DATA SHOWN:
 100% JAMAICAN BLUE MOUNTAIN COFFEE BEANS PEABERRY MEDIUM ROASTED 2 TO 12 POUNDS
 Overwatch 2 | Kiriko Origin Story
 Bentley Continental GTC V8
---
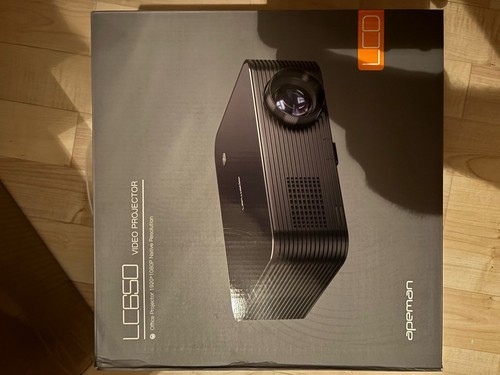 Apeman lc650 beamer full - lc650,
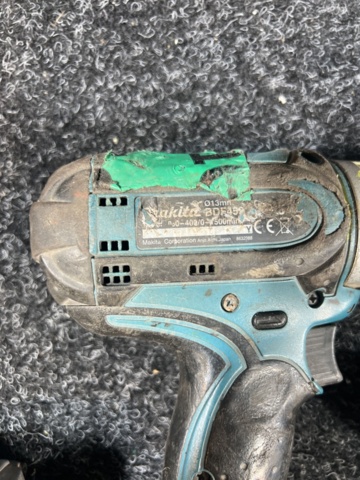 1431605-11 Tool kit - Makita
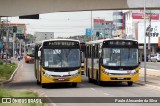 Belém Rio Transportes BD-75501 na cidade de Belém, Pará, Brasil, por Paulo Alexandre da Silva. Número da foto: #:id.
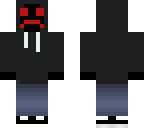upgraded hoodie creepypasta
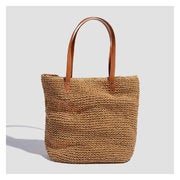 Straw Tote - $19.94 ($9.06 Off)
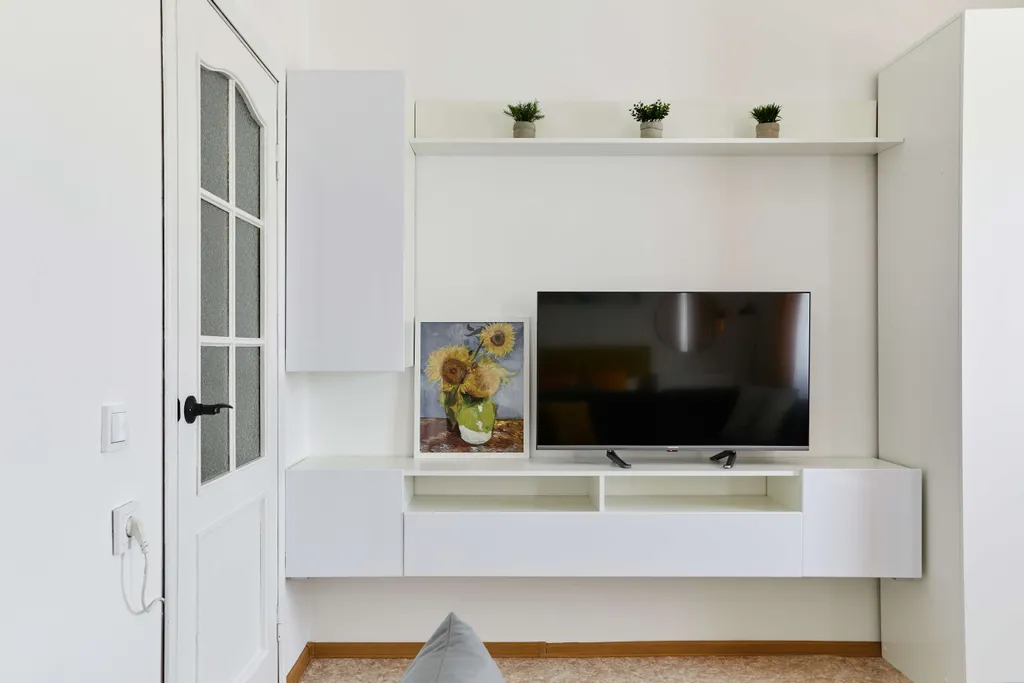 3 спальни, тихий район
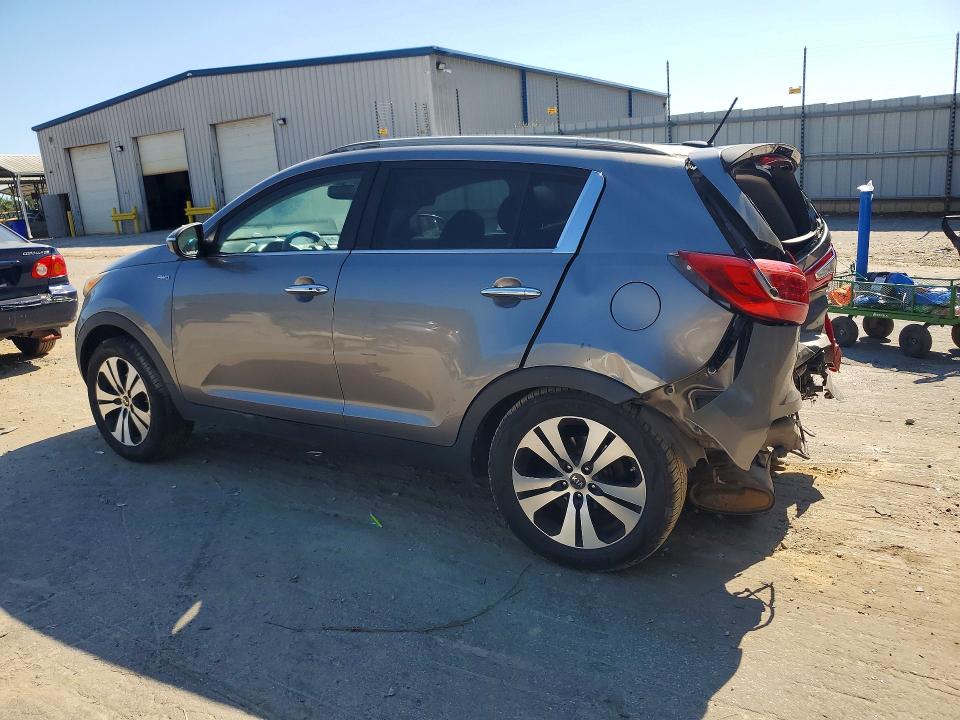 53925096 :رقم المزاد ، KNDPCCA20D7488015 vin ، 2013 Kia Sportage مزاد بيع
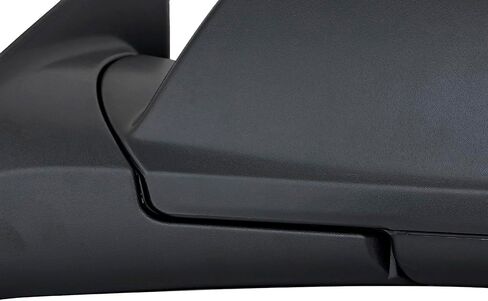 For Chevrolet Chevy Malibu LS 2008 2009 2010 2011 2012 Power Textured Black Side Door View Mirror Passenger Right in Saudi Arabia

PROBLEM DETAILS:
Every line above from the line with "100% JAMAICAN BLUE" to the line with "Bentley Continental GTC V8", inclusive, must be returned exactly; no other line belongs in the reply.

THE COMPLETED TASK:
 100% JAMAICAN BLUE MOUNTAIN COFFEE BEANS PEABERRY MEDIUM ROASTED 2 TO 12 POUNDS
 Overwatch 2 | Kiriko Origin Story
 Bentley Continental GTC V8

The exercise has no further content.